First on my daughter’s list: a Christmas tree. I asked her why she wanted one. The answer: she wanted to decorate it. So, I posed options: a small Christmas tree, a recyclable Christmas tree, or no Christmas tree in the house and instead we adopt a tree in the park nearby. As I researched and thought about everything, I learned that the first two options were hardly ecological: many smaller trees do not survive to adulthood and the shipping to and fro of so-called ecological trees only swapped out the green points of not killing a tree for the wasted fuel needed to pick up and return these trees. Also, the park nearby contains dozens of trees, but none with branches adapted to decoration. And, did we want to risk that decorations are blown away, only to pollute the park? I discovered that being ethical and ecological was more than I had bargained for.
So, the option we turned to was a wooden stick tree which we could decorate and re-use every year. It turned out to be a most minimalist and beautiful option, which upon assembly necessitated our decorating it. So we set about making crafts where we created dozens of paper and cookie decorations, plus a few items from our home that we added to the tree.

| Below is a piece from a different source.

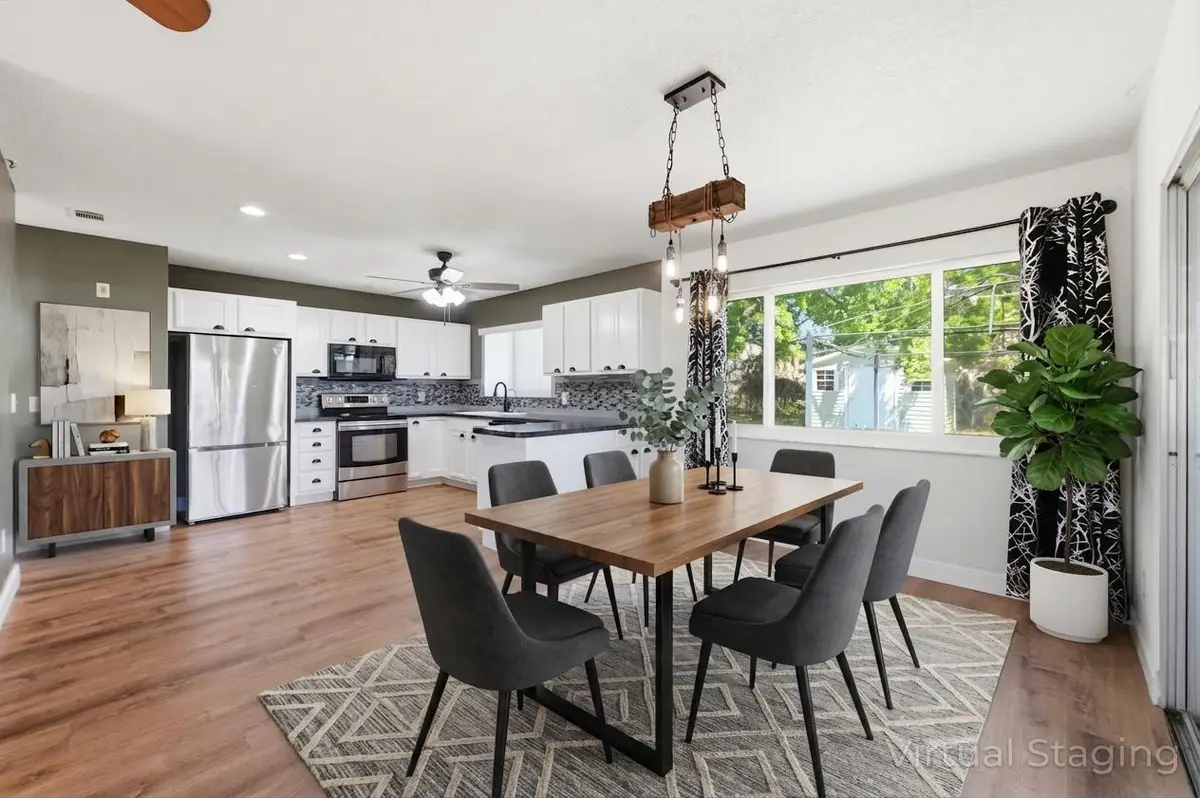 1313 Ethel Circle Ne, Palm Bay, FL 32905 - #1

Then came the issue of the “presents”. I discovered speaking with a friend that she and her partner had decided to give their children one gift each. I had already been setting up my daughter with the knowledge that we were not going to do gifts and yet felt guilty enough to have a back up gift in case the guilt was too much for me to bear. Still, even with that as a possible solution to remedy her expectations, I was left in the same predicament in which I began: there was nothing I could buy my two-year-old. He has everything a child at that age wants and he is, after all, two: a yogurt lid is all he desires these days. So in order to give my daughter a gift, I would then be forced to match her present with a gift for my son, which would mean that I would be buying something just to buy it. All this struck me as incredibly circular and there I was stuck within the very same logic Sheldon had brilliantly explained, underscoring all the more why I have opted out of gifts my entire adult life.

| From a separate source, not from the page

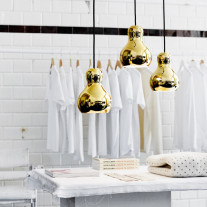 Fritz Hansen Calabash Pendant Fritz Hansen Calabash Pendant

As Christmas approached, I realised that the guilt that I was experiencing was mine, and mine alone. Simply put, I feared my daughter would be disappointed in not having the gifts that she had heard about from other children. Hanukkah and Christmas came and went and my children and I had the best gift-less time together. How this translates today as my daughter is back at school and might be disappointed to learn that she is the only child without Christmas presents is another story. I am hoping that we might be creating a holiday tradition for our family whereby participating in cooking, creating crafts, watching movies, playing games, singing, and dancing become the bonds of this holiday, replacing the focus on materialism. And herein lies my holiday lesson: that what I thought my children would miss, we already had—each other.